“ARC” is short for Aerobic Restoration & Capillarity training. This training method was first described in the legendary Performance Rock Climbing. If you are unfamiliar with ARC training, you can get the rundown here. Many climbing periodization plans call for massive amounts of this training; as much as 90+ minutes per workout, with several workouts per week for several weeks. Considering the long, repetitive sessions coupled with relatively low intensity, its pretty much certain these workouts will become stale sooner or later.
There are some things you can do to alleviate this problem. First and foremost, evaluate how much ARC training is really appropriate for you. Some plans call for six straight weeks of exclusive ARC training, some call for none. My recommendation is that beginning climbers should do the most ARC training, perhaps as much as six weeks per training cycle (although I never did more than four weeks when I started training as a 5.11 climber). As you progress as a climber, you can gradually reduce the length of your ARC phase, assuming your technique continues to develop at a pace at least equal with that of any strength gains you experience. If technique is always your limiting factor, continue to emphasize ARC workouts. Even advanced climbers with great technique can benefit from longer ARC phases if they are training for ultra-endurance-oriented climbs (like those at the Red River Gorge, for example) . At this point in my career, my ARC phase is never more than 6 days, and some seasons I don’t ARC at all. That said, a paltry three ARC sessions can be enough to bore me out of my mind.

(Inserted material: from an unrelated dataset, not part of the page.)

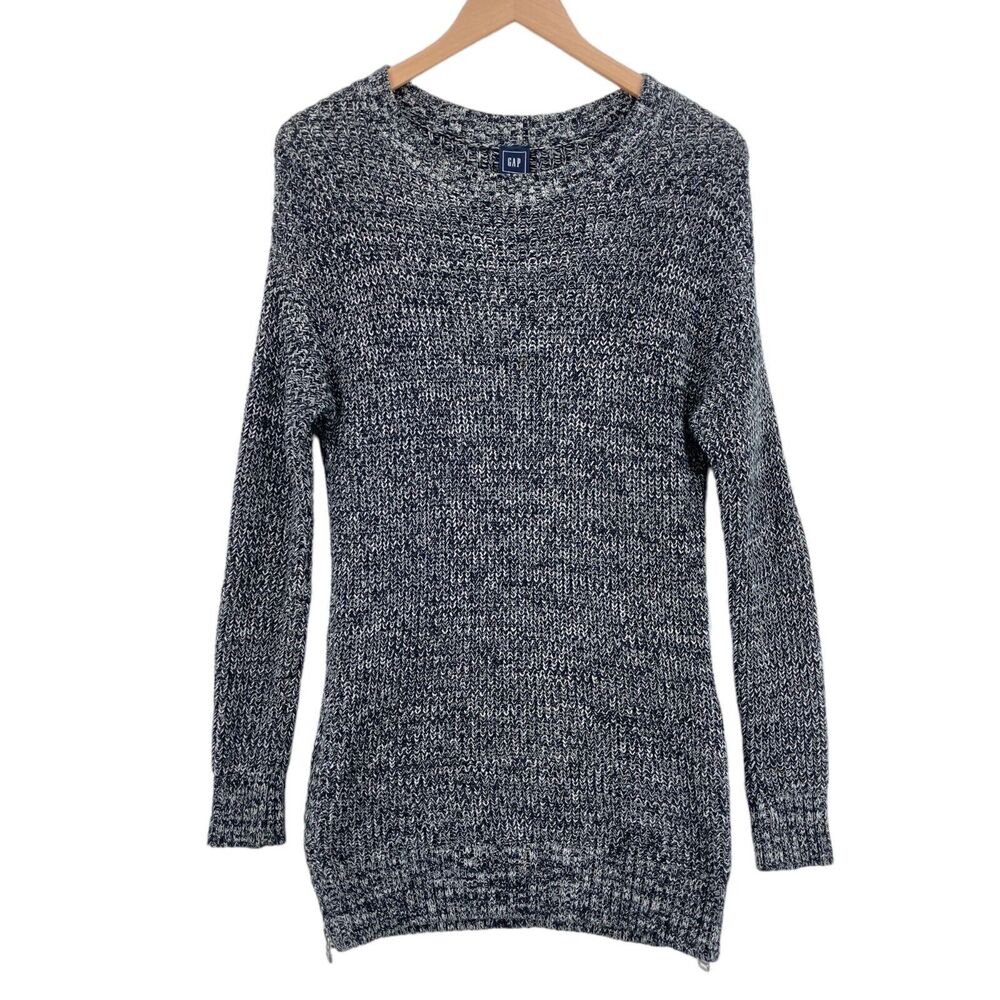Gap Women Long Sweater Pullover Small Black White Round Neck Side Slit Zipper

Here are some things I do to keep my ARC sessions a bit more engaging:
-If you have route-setting privileges, create pre-set traverses, (or vertical routes/treadwall routes). At first simply climb these routes, but then repeat them (over the course of a single session, and/or progressively throughout the phase) gradually eliminating holds (trying to do the traverse in the fewest possible number of moves).
-Movement drills. Pick a particular movement and then practice doing that move over and over. You can select 4 or 5 particular moves and set aside 5 minutes or so for each movement. Do a set number of reps (say, ten–something easy to track in your head), with each hand/foot (left and right). You can add slight variations on the theme, and use progressively smaller holds to make the moves more difficult. Here is a brief list of example movements you can drill, feel free to add others (you may find it helpful to print this list and keep it handy for your next ARC session):
- Silent feet movements
- Straight Arm reaches
- Inside Flag
- Outside Flag
- High step
- Cross over
- Cross under
- Twist-lock & reach across
- Reach up from low under cling
- Reach across body from low under cling
- Undercling over head & step up
- Heel Hook to rock-over
- Drop Knee
- Extended foot stab
- Hip thrust
-Practice awkward rest positions. Try to find spots where you can just barely get a rest or “unlikely” rest positions (big stems, underclings, etc). In particular try to find rests on steep terrain. If you have a goal route in mind, and you know what the rest stance are like, attempt to replicate them and practice the positions (they should get easier over time). On less steep terrain practice resting on insecure, slippery feet. Stances like these tend to encourage over-gripping, so focus on remaining relaxed. Learn exactly how much weight you can put on your feet, using the bare minimum of hand strength.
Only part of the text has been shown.